Don’t ignore the features of a feature phone

Access to credit – buying ‘top-up time’ – was highlighted as a challenge by many refugees I spoke with. I met a group of young women (aged from 15 to approximately 30) who described how they hadn’t had credit on their phones for a number of weeks. I’d initially thought this meant they couldn’t buy credit to use other community member’s handsets, but was surprised that this group polled the highest in terms of individual phone ownership – higher than the male group of the same age range. Another ‘gender’ assumption of mine corrected.

Despite not having credit, the young women went on to describe how important their phones were for communication and for creating ‘connections’. The women used the phones to play Hausa, Hindi, and English music videos and songs that were stored on memory cards – watching in groups and sharing the enjoyment. They highlighted this as essential for their wellbeing, as there is little other entertainment on the site.
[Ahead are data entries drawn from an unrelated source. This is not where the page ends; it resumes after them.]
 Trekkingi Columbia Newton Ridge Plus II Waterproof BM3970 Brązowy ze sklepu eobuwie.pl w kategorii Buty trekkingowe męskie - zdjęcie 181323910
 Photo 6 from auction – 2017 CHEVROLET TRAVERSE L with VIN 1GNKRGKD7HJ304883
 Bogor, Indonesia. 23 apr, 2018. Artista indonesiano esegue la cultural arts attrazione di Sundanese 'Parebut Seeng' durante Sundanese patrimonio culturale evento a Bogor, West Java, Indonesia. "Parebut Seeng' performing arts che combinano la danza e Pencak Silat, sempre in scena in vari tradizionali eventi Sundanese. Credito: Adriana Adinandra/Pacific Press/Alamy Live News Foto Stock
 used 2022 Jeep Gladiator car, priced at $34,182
The importance of sociality cannot be underestimated considering the scale of violence many have witnessed. The women shared memory cards, had made new friends and felt connected with the outside world –thanks to the non ‘credit-dependent’ features of the feature phone. This made me realise the importance of digging deeper into mobile phone usage – the preferred features, the valued functions. We’re a long way away from understanding the communications eco-system if we look at phone ownership alone. We can’t assume that people use their phone for voice calls – I certainly don’t!
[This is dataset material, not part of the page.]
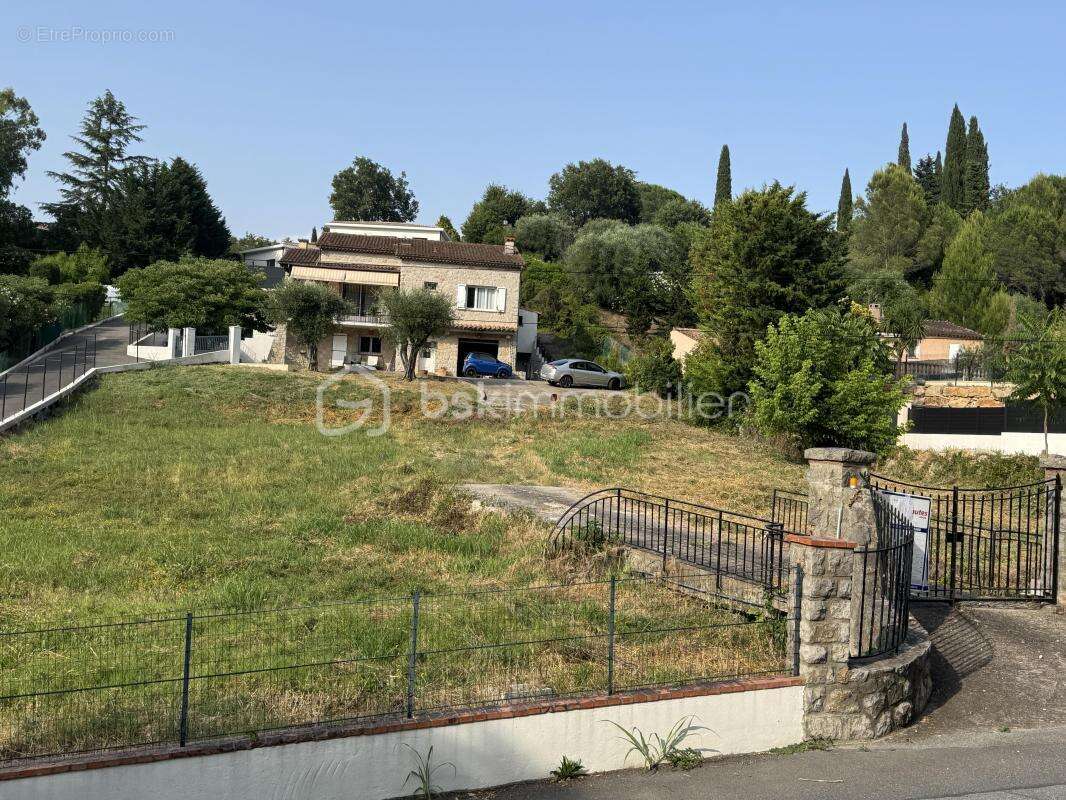 Terrain à AURIBEAU-SUR-SIAGNE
A mobile charging station located in a local market in Kabelawa Camp.

A mobile charging station at a market near Kabelawa Camp. Kabelawa is home to not only refugees, but IDPs and returnees.

Communication cannot be cookie-cutter

These are just two examples of the fascinating and rich communication structures I found in Niger. The scoping unpacked many more – the importance of phone-in radio shows; a trans-regional free postal network; languages I’d never heard of; and entrepreneurial ways to charge mobile phones – to name a few more. After 10 days of discussions with refugees, internally displaced people, UNHCR partners, and the UNHCR team, I’m not pretending to be a Niger communications expert by any means. I have however learnt a lot – mostly that any of the pre-cooked ideas that I flew over with were irrelevant (at best). During this mission, I’m happy to say that I went back to the drawing board – this time with refugees.